Sunday, February 5th, was the Super Bowl.  For those not aware (and I realize there are some that aren't, nor do they care) was the championship game for professional football.  Beginning in early September there are sixteen weeks of "regular" season games (actually seventeen weeks, with each team having a "bye" week...but we won't get into those complexities).  Then the playoffs begin, with a total of twelve teams...eight division winners, plus four "wild card" teams.  Over three weekends those twelve teams are pared down to two...and those two teams then play in the Super Bowl to determine that year's champion.  The winner receives the Vince Lombardi Trophy...a symbol of their victory.  

Please note: there is only one trophy.  Thirty-two teams begin the season in September, hoping they can be good enough, so that five months later they can hoist that trophy over their heads.  Only one team can. 

I am thinking of another trophy.  Let me state at this point, any believer can win this is not just for one.  To further clarify: a believer is one who has agreed with God that they are a sinner (Romans 3:23) and believed in the death, burial and resurrection of the Lord Jesus Christ to save them from their sin (Romans 6:23). 

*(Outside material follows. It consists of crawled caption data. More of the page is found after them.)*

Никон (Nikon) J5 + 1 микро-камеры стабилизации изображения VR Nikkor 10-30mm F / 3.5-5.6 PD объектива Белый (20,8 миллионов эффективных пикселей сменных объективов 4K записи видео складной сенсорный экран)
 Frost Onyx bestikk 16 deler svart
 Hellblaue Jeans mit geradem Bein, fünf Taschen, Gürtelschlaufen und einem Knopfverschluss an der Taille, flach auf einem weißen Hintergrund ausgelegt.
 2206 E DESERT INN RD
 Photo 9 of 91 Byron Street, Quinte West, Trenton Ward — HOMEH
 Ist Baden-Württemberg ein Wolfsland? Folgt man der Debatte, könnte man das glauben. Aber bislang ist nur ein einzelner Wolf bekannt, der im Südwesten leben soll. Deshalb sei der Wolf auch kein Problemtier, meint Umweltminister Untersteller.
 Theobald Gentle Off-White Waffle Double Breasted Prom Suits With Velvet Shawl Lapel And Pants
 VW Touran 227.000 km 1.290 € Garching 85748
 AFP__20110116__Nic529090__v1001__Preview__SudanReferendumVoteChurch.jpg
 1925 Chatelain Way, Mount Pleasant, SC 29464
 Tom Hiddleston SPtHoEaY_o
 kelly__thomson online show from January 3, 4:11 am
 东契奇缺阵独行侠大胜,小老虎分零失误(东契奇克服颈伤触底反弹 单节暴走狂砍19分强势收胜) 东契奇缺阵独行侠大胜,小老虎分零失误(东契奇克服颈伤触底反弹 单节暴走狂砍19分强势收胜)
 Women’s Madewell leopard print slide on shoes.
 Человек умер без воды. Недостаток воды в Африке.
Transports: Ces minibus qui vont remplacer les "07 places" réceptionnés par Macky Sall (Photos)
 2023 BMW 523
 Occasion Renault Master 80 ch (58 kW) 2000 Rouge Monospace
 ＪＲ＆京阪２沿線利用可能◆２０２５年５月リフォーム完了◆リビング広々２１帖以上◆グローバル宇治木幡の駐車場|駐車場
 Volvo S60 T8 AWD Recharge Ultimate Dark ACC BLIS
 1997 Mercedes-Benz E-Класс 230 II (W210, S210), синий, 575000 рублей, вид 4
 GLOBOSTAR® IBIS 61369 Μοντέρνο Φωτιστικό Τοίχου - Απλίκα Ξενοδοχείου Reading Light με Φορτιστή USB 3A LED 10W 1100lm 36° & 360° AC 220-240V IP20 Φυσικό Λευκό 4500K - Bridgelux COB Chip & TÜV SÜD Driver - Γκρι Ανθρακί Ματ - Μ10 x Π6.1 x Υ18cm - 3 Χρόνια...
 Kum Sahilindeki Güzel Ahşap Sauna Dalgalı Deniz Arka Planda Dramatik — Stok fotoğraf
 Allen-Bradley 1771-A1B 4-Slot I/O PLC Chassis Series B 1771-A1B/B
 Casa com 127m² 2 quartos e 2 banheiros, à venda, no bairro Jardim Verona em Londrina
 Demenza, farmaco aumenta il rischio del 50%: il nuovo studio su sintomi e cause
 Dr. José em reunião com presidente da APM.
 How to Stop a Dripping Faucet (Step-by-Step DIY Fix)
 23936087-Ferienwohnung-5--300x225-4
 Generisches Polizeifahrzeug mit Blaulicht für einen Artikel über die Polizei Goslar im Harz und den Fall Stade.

In 1 Corinthians 9, Paul speaks of his own regimen for life and service.  He uses the example of the "Olympics" of his day (Isthmian Games held in Corinth) in verses 24 and 25, and then applies it to life and service for himself and the believer.  Let me briefly state the three things he emphasizes.

1) Aim v. 26.  To win a race of 1,500 meters, it is not enough to run ANY 1,500 meters you want.  To win, you must run the course that is set, and then cross the selected finish line.  Imagine a race that includes ten runners.  When the starter's gun sounds, nine of them begin running the counter-clockwise course, according to the rules.  The other runner decides to run the course clockwise.  He or she could have a faster time than any of the rest, but would be disqualified because he or she did not run the prescribed course, according to the rules.  Aim includes among several things, following the "course rules" of the Savior.  

2) Impact v. 26.  I used to watch boxing (I'm going back over 40 years ago).  Sometimes one boxer would come out in round one throwing almost non-stop punches.  They would "look" impressive.  His opponent would be more "selective", making sure to just throw punches that would actually land on the other boxer.  If the first boxer continues his non-stop punching...he'll lose...because of expending so much energy throwing punches that do not reach their mark.  His opponent, by focusing on landing punches (not just throwing them) will win the fight.  Allow me to put it this way: Paul didn't want to just expend energy, in the appearance of hyper-active service.  He wanted to focus as much as possible on effective service.  Effective service: think on that one for a while.

3) Discipline v. 27.  We are all aware that if someone is going to excel in something, it takes personal the point of willingly forgoing things that are enjoyed.  Paul did not want his body to master him (its desires, lusts, longings, appetites, etc.), but rather for him to master it.  More accurately stated, he wanted the Lord to be Master, of both him and it. 

There is a reason Paul focused on aim, impact, and discipline.  The reason is stated in v. 27, "not wanting to be disqualified."  He did not want to live and serve to pacify his conscience that he was "doing something", or to try to impress others.  He longed to receive from his Savior, if I might paraphrase, the trophy, with the words, "well done."  How about you?